▸ **WORK REQUIRED**: Your answer should be an exact copy of the lines from the one containing "JUEGO DE SÁBANAS LINEN" through the last line of the records below, without any pictures.

------ RECORD EXCERPTS

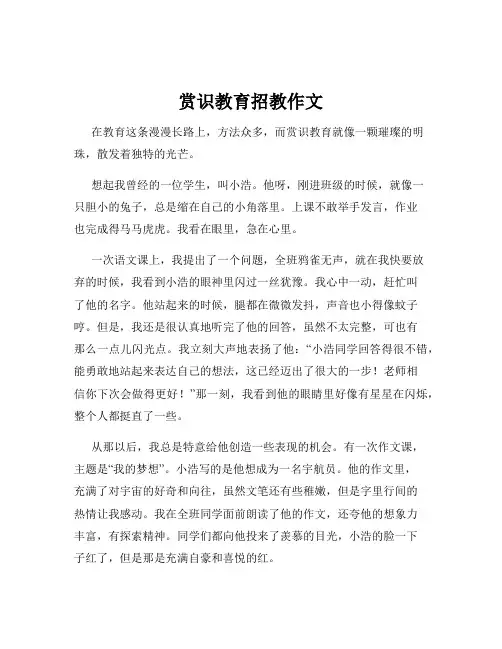 赏识教育招教作文
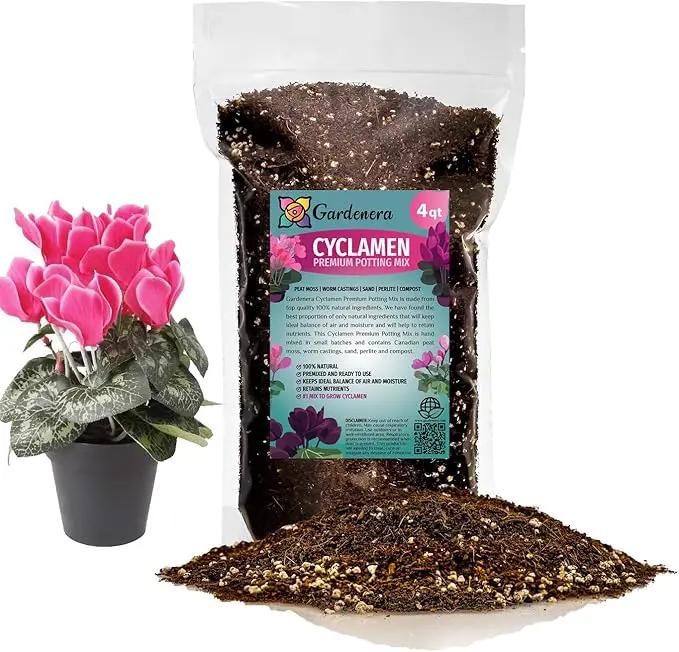 Premium Cyclamen Potting Soil Mix - Perfect Balance of Nutrients, Drainage, and Aeration for Thriving Blooms - 4 Quart by GreenHaven Gardens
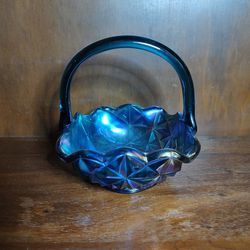 Vintage Midnite Blue Iridescent Carnival Glass Basket 6x6 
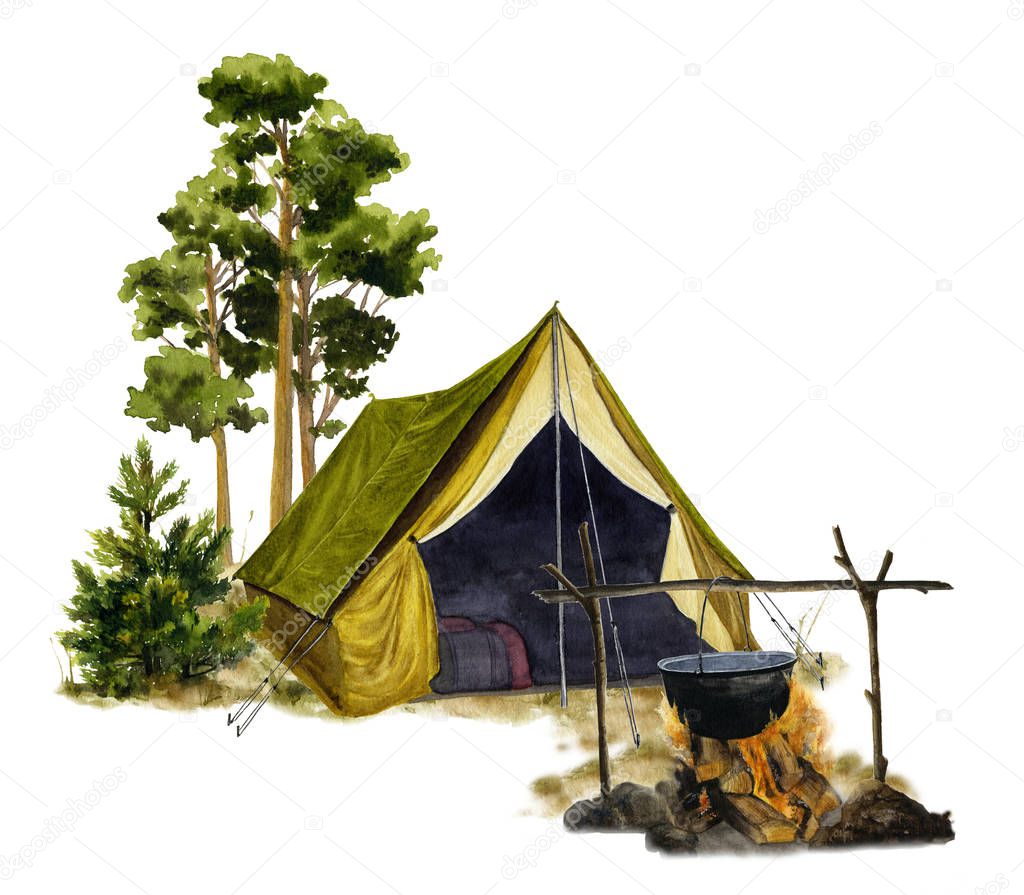 Picture of a campsite with a tent and a campfire hand painted in watercolor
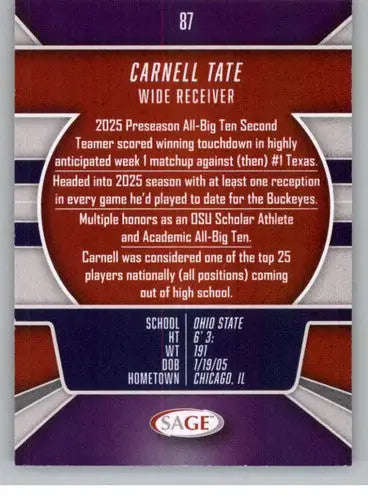 2026 Sage Retail Black #87 Carnell Tate NM-MT NXL ID:80698 - Football Card Single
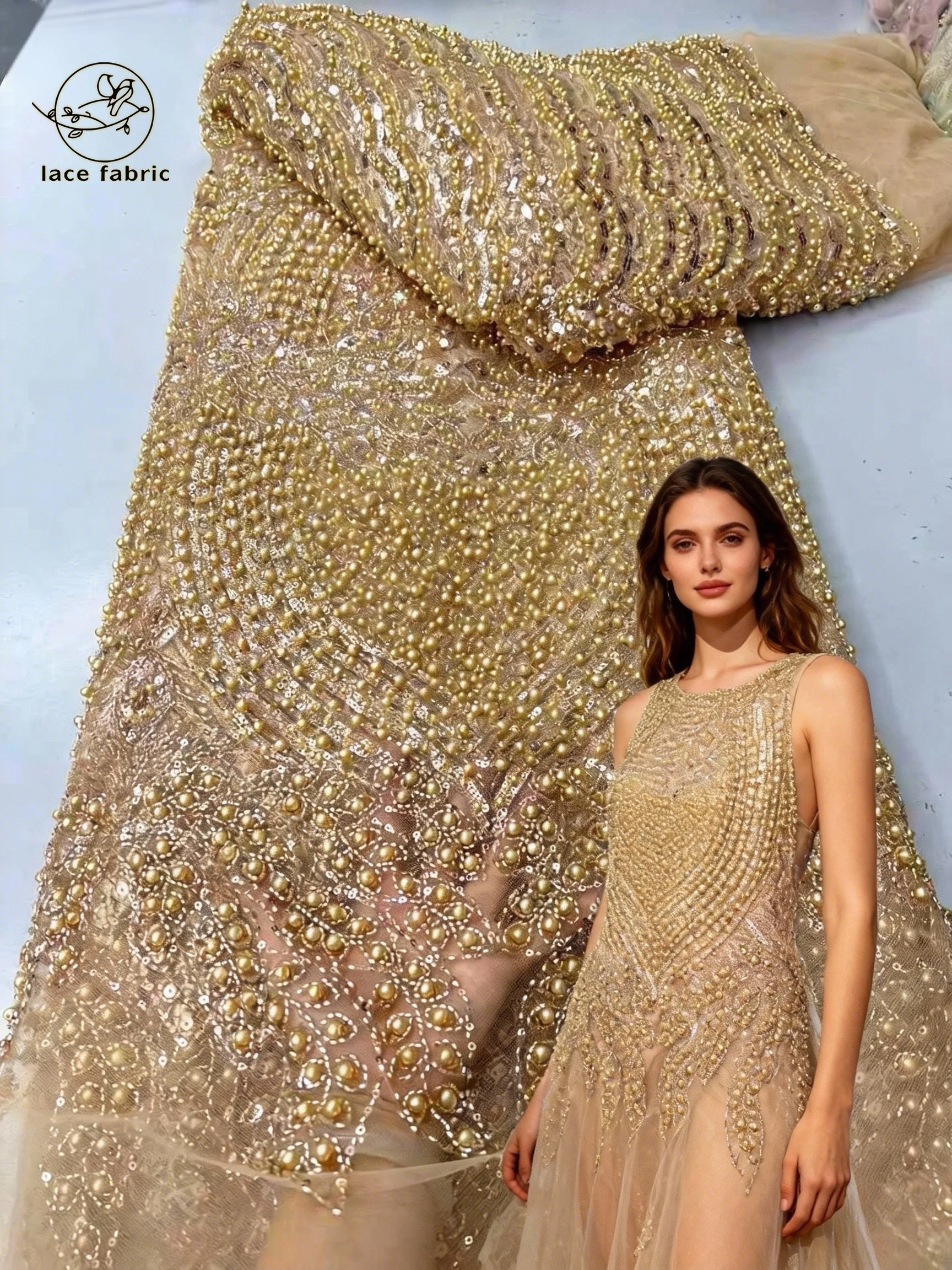

Fashion Gold Lace Fabric 2026 High Quality Mesh Sequins Embroidery French Nigerian Beaded Lace Fabrics For Bridal Wedding Dress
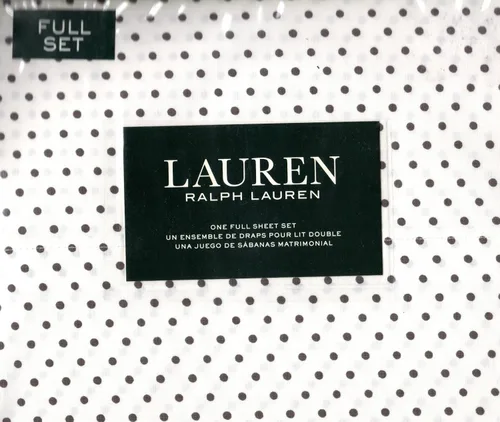 Vista 3 de Lauren Ralph Lauren Park Dots - Juego de sábanas de 3 piezas, color gris sobre blanco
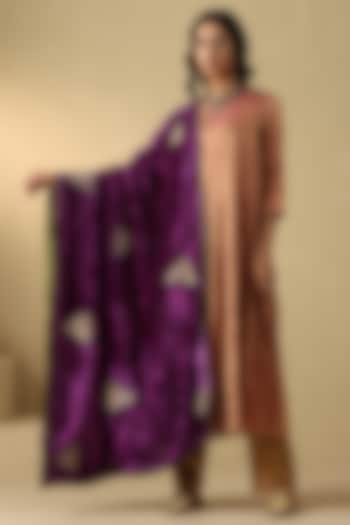 Purple-Mauve Silk Velvet Hand Embroidered Dushala by Weaverstory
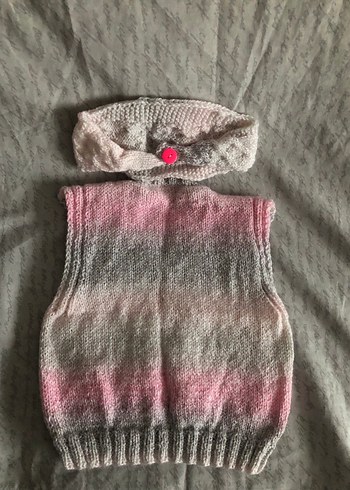 Vintage Bohem Gri V Yaka Kız Örme Süveter ve bandana - Görsel 2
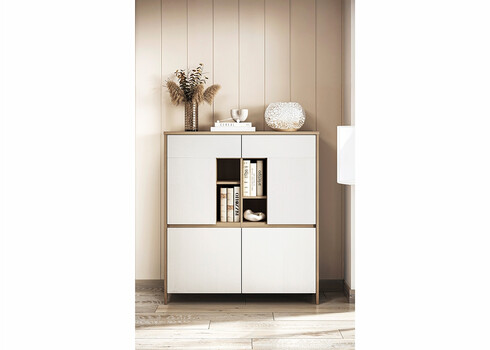 Kapp STRANDA valge / tamm, 111x39xH125 cm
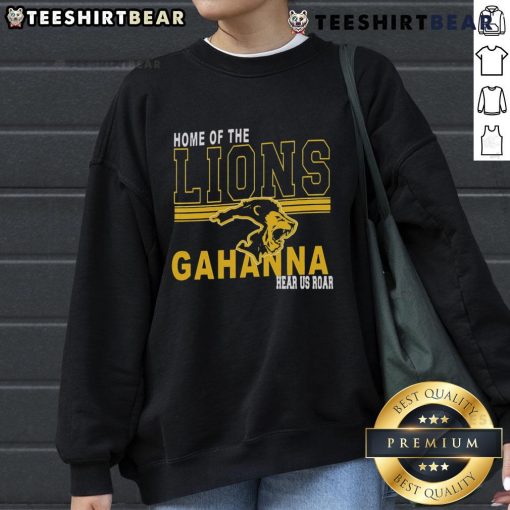 Cozy 'Hot Home of the Lions Gahanna Hear Us Roar' sweatshirt in vibrant colors, perfect for school spirit and comfort.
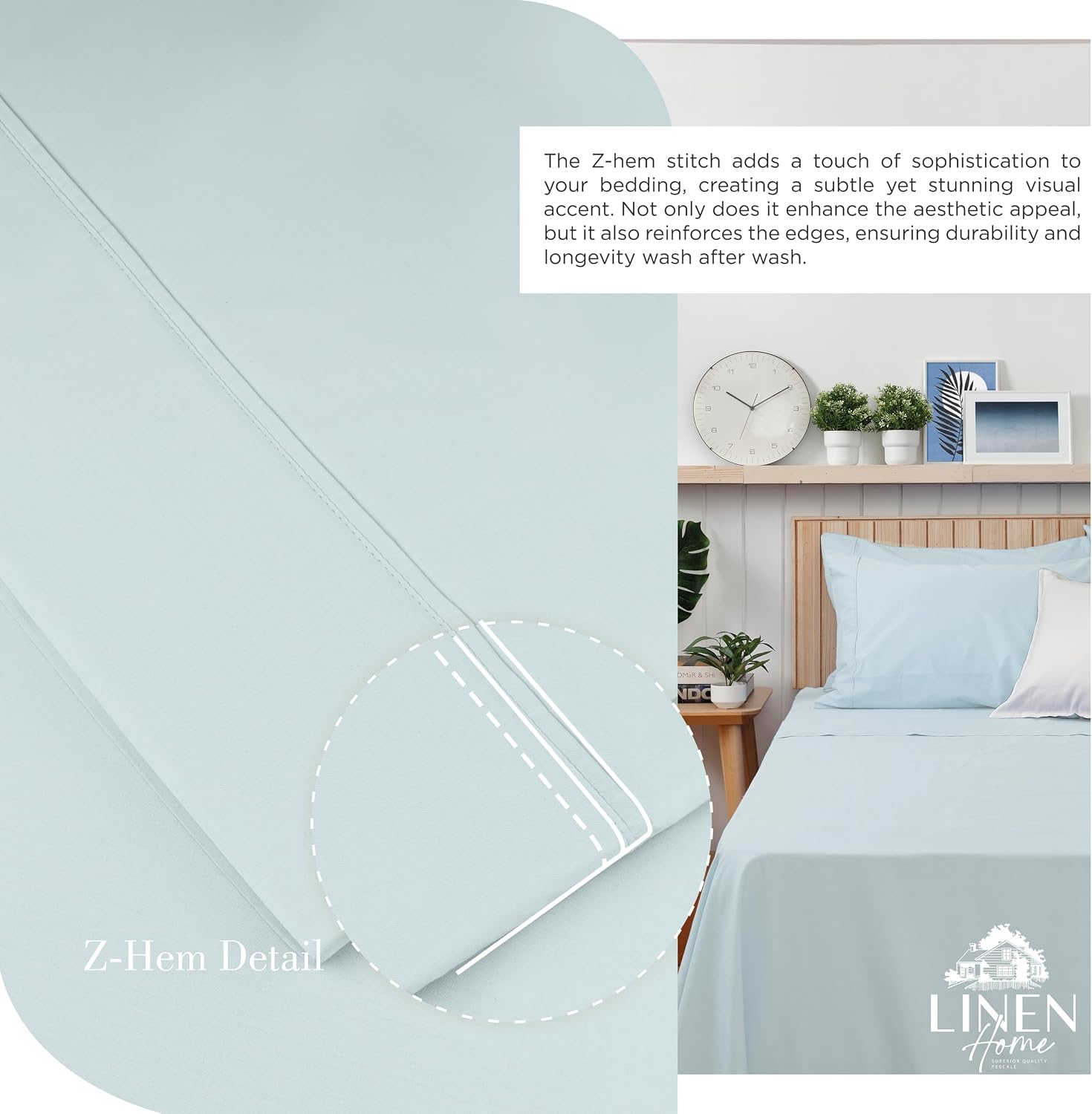 JUEGO DE SÁBANAS LINEN HOME PERCALE ALGODÓN 100% FULL AZUL HUEVO DE PATO BOLSILLO PROFUNDO 4 PIEZAS - 3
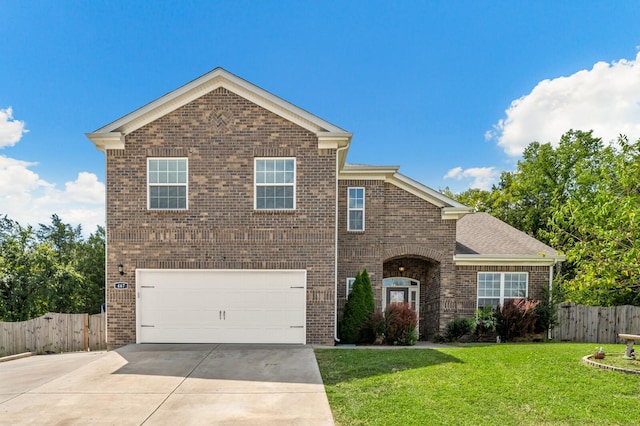 front facade with a garage and a front lawn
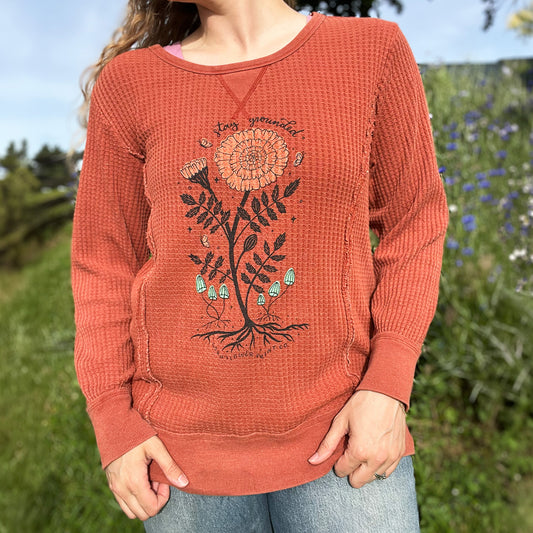 October Birth Flower | Marigold | Burnt Orange Waffle Knit Long Sleeve | Large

------------

▸ **WRITTEN SOLUTION**:
 JUEGO DE SÁBANAS LINEN HOME PERCALE ALGODÓN 100% FULL AZUL HUEVO DE PATO BOLSILLO PROFUNDO 4 PIEZAS - 3
 front facade with a garage and a front lawn
 October Birth Flower | Marigold | Burnt Orange Waffle Knit Long Sleeve | Large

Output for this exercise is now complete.